Surrogate-based Bayesian calibration methods for chaotic systems: a comparison of traditional and non-traditional approaches
Maike F. Holthuijzen, Atlanta Chakraborty, Elizabeth Krath, Tommie Catanach
TL;DR
This work tackles the challenge of calibrating parameters in chaotic, computationally expensive dynamical systems by comparing four emulator-based Bayesian strategies: Calibrate–Emulate–Sample (CES), History Matching (HM), Bayesian Optimal Experimental Design (BOED), and its goal-oriented variant (GBOED). Using Gaussian process surrogates to emulate forward maps, the study evaluates performance on the Lorenz '96 multiscale system and a two-layer quasi-geostrophic model, highlighting how design choices and computational budgets impact posterior accuracy and uncertainty.

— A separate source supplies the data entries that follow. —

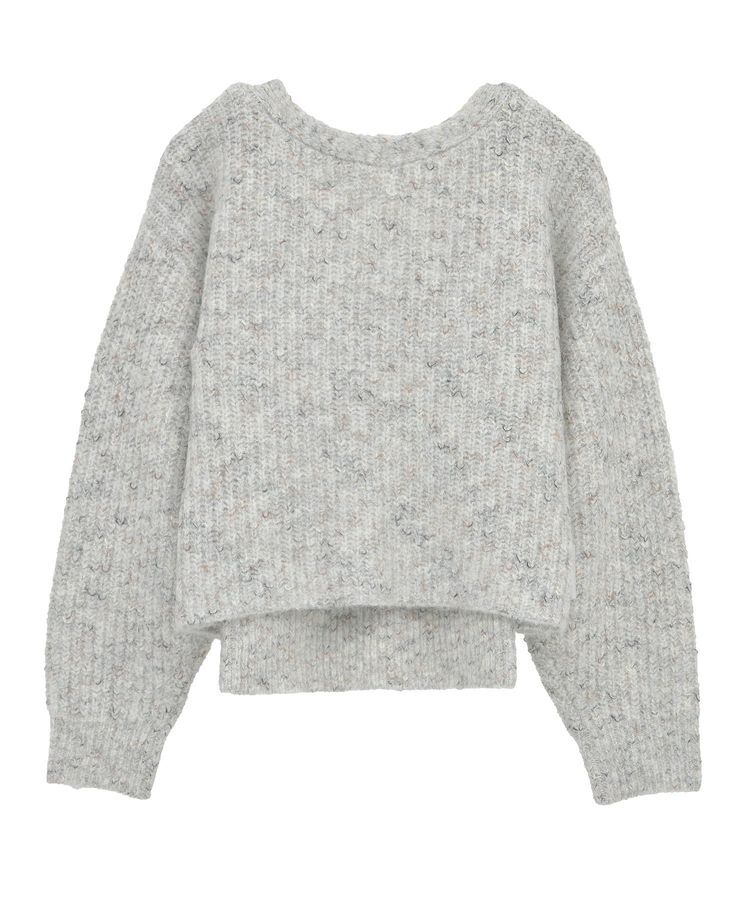 earth music&ecology「【WEB限定】SET2点ショートカーディガン＋リボンキャミソール」|カーディガン|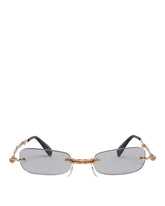 Rose Gold Mask H47 Sunglasses - New arrivals women's accessories | PLP | Antonia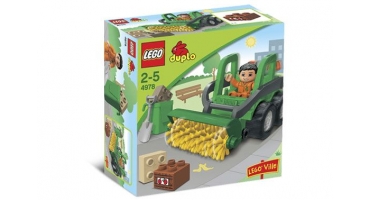 LEGO DUPLO 4978 Utcaseprő gép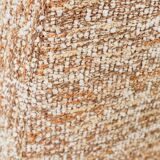 Scandinavian armchair in granola brown, mid-century modern design by Chier.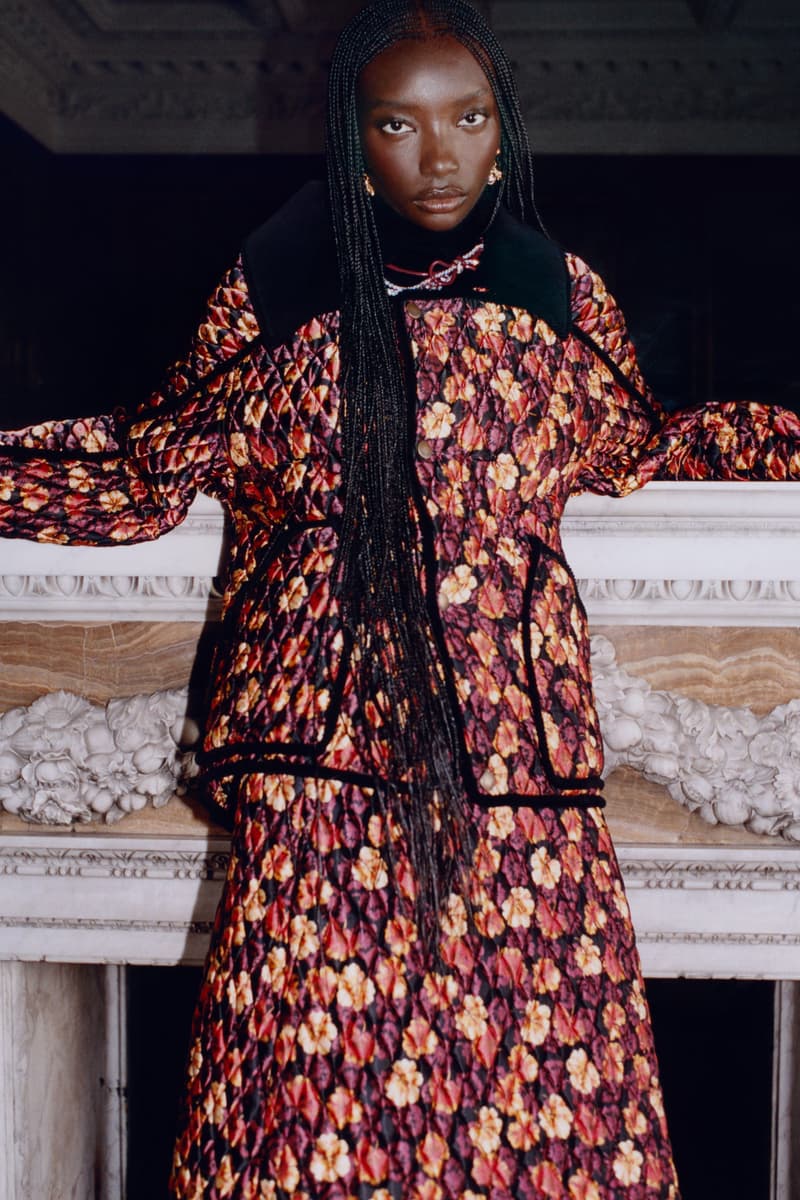 Burberry 隆重呈献 2025 冬季宣传大片《庄园漫游》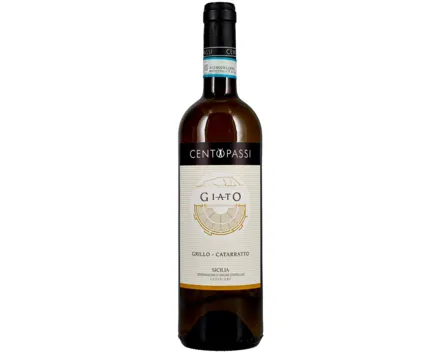 Sicilia DOC Superiore Giato Bianco Centopassi - Libera Terra Bio Suisse (2023) – Weisswein, Italien (0.75l)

A key contribution is the introduction of GBOED, which targets information gain about the calibration posterior rather than emulator fidelity alone, and the systematic comparison reveals that CES, HM, and GBOED can match or exceed BOED in calibration tasks, with standard BOED underperforming in chaotic settings. The findings provide practical guidance for selecting emulator-based calibration strategies under budget constraints and motivate hybrid designs that combine global efficiency with calibration-focused refinement for complex, high-cost systems.
Abstract
Parameter calibration is essential for reducing uncertainty and improving predictive fidelity in physics-based models, yet it is often limited by the high computational cost of model evaluations. Bayesian calibration methods provide a principled framework for combining prior information with data while rigorously quantifying uncertainty. In this work, we compare four emulator-based Bayesian calibration strategies, Calibrate-Emulate-Sample (CES), History Matching (HM), Bayesian Optimal Experimental Design (BOED), and a goal-oriented extension of BOED (GBOED). The proposed GBOED formulation explicitly targets information gain with respect to the calibration posterior, aligning design decisions with downstream inference. We assess methods using accuracy and uncertainty quantification metrics, convergence behavior under increasing computational budgets, and practical considerations such as implementation complexity and robustness. For the Lorenz '96 system, CES, HM, and GBOED all yield strong calibration performance, even with limited numbers of model evaluations, while standard BOED generally underperforms in this setting. Differences among the strongest methods are modest, particularly as computational budgets increase. For the two-layer quasi-geostrophic system, all methods produce reasonable posterior estimates, and convergence behavior is more consistent. Overall, our results indicate that multiple emulator-based calibration strategies can perform comparably well when applied appropriately, with method selection often guided more by computational and practical considerations than by accuracy alone. These findings highlight both the limitations of standard BOED for calibration and the promise of goal-oriented and iterative approaches for efficient Bayesian inference in complex dynamical systems.